Menurut Boyamin, perdirjen tersebut berpotensi dilaksanakan secara elastis karena bisa diberlakukan untuk tahun anggaran (TA) kapan pun, termasuk TA 1999. Padahal, sesuai asas hukum, perundang-undangan tidak boleh diberlakukan secara surut, jelasnya. Apabila dipaksakan diberlakukan, lanjut Boyamin, perdirjen tersebut mirip dengan PP tentang tunjangan perumahan DPRD yang sebelumnya dicabut karena diberlakukan secara surut.
Di tempat terpisah, Direktur Humas Ditjen Pajak Djoko Slamet Surjopuputio dalam rilisnya menyebutkan, perdirjen tersebut tidak merugikan negara. Namun justru sebaliknya, menjadi solusi menyelesaikan tunggakan restitusi (pengembalian) pajak, katanya.

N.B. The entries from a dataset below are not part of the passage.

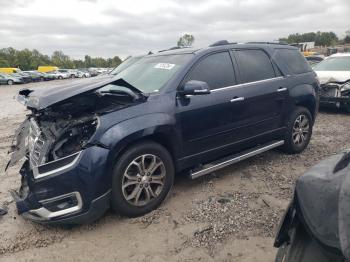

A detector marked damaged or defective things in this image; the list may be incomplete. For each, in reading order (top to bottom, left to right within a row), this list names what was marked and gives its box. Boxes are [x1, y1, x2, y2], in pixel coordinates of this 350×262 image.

crushed bumper [10, 146, 111, 224]
crumpled front hood [21, 74, 117, 110]
collision damage [6, 78, 146, 223]
damaged gmc acadia [5, 42, 318, 224]
crumpled front hood [296, 149, 350, 254]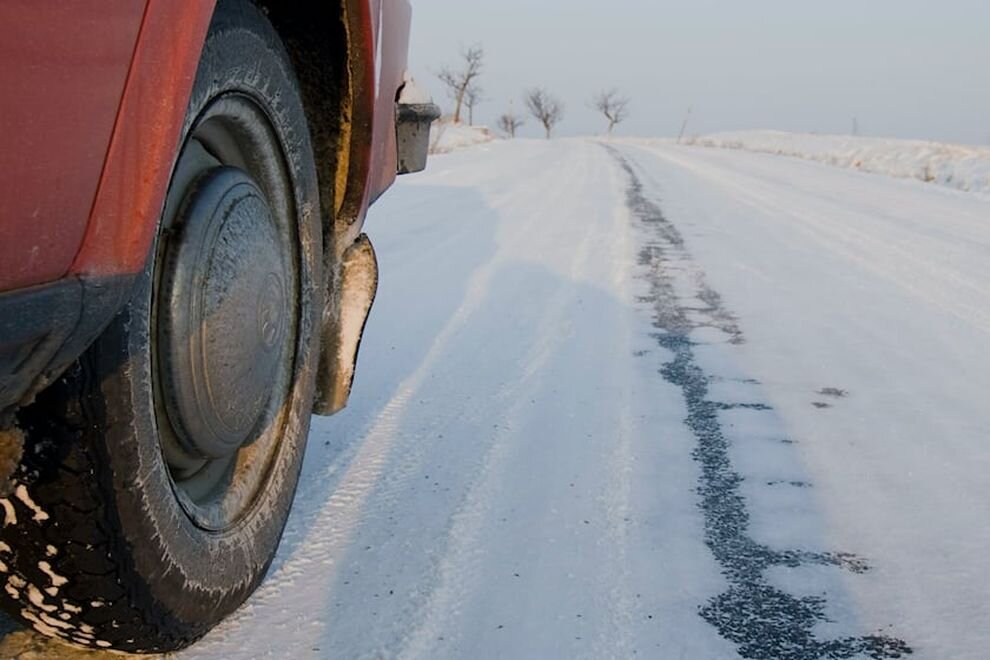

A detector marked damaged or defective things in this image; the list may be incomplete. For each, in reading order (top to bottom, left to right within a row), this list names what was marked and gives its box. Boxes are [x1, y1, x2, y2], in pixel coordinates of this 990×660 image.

rusty fender edge [316, 235, 378, 416]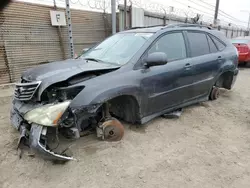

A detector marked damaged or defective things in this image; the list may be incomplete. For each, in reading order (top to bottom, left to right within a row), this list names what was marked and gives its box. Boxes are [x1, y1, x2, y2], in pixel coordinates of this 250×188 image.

crumpled hood [21, 58, 119, 81]
damaged suv [10, 23, 239, 162]
detached bumper piece [28, 124, 73, 161]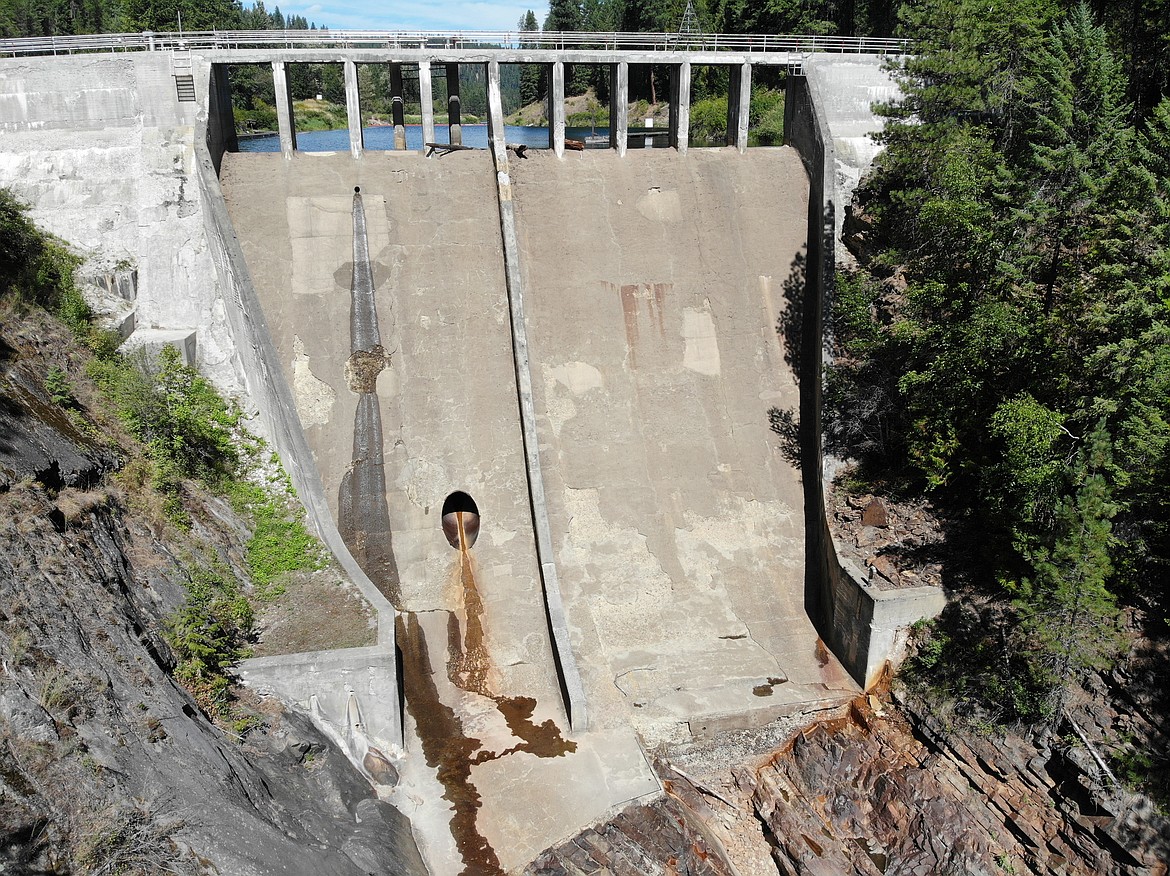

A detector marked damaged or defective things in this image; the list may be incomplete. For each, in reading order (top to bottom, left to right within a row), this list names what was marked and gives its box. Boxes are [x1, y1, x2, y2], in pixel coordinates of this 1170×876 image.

rusted water discharge [334, 185, 402, 604]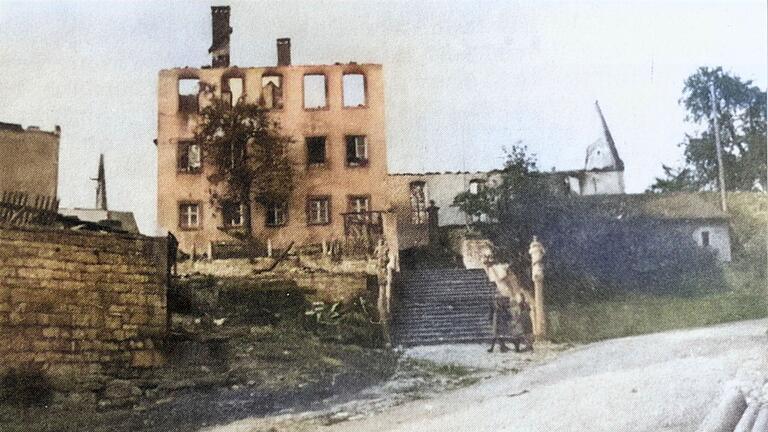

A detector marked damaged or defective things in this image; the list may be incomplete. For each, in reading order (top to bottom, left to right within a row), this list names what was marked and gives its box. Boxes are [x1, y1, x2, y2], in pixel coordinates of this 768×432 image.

damaged chimney [210, 6, 231, 67]
damaged chimney [274, 37, 290, 66]
burned structure [157, 6, 388, 255]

Djoko lantas membeber alasan penerbitan perdirjen tersebut. Itu dilatari temuan Dirjen Pajak pada semester II/2006 yang menyebutkan adanya tunggakan restitusi pajak pertambahan nilai (PPN) sebanyak lebih dari 8.000 permohonan dengan nilai Rp l0 triliun. Untuk menyelesaikan masalah itu, dikeluarkanlah perdirjen tersebut. (agm/kum)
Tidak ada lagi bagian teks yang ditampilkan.